I had five volunteers and the sprint began. We had a dedicated lean team within Lunchbox to get this up and running. It was an all weekend effort to go from design to dev to live, but come launch day the site was live. We had a few hiccups, like how there was so much traffic after Jack Dorsey tweeted about us that Google flagged our site as hazardous. Needless to say it was stressful but rewarding. It was the most joy I felt since launching my company a year ago!
How has it developed? Did you expect to get 121,000 restaurants online?
The day we went live we had a 100 or so locations. It was crowdsourced by our team with our favorite restaurants. Our partners and siblings helped! Our goal was the same in the beginning as it still is today. Help as many small businesses that need help, as soon as possible, and make it easy for the customers to show their love. We launched with just New York City and quickly grew into New Jersey, Philadelphia, and then out West. As you said, we are now nationwide with 121,000 small businesses live on the site.
How big of a lift can gift cards provide restaurants, especially if we’re talking about those that are closed right now and not equipped to use off-premises business to recover lost revenue?
Gift cards provide immediate financial support for a lot of these businesses that are either fully shut down, or like restaurants lost their primary revenue stream. When a guest buys a gift card through helpmainstreet.com, 100 percent of the money goes directly to the establishment.

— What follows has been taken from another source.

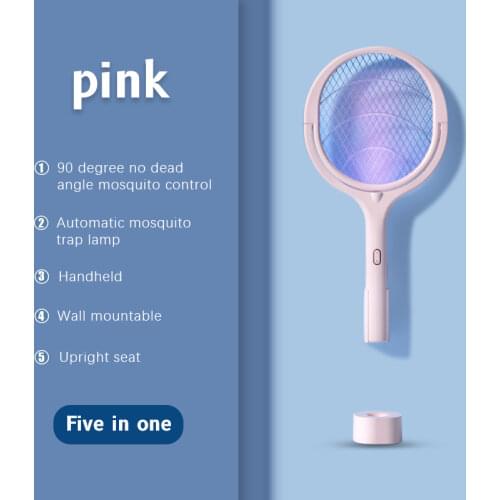 3500V 5In1 Mosquito Killer Lamp Multicunctional Angle Adjustable Bug Zapper Electric USB Rechargeable Mosquito Fly Bat Swatter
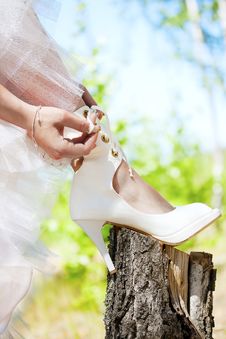 Bride Lacing White Shoes Stock Images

We also banned gift card companies that were bad actors and did not immediately reimburse the restaurants. Does it save a business, no god no! We are restaurant people, we know it is not even close to enough. But everything helps. And with the first party ordering sites, we are excited to create repeatable and predictable revenue for restaurants on our site.
What’s the response been like? Is there a lot of pent-up consumer demand for people wanting to support local restaurants, but perhaps not knowing where to begin?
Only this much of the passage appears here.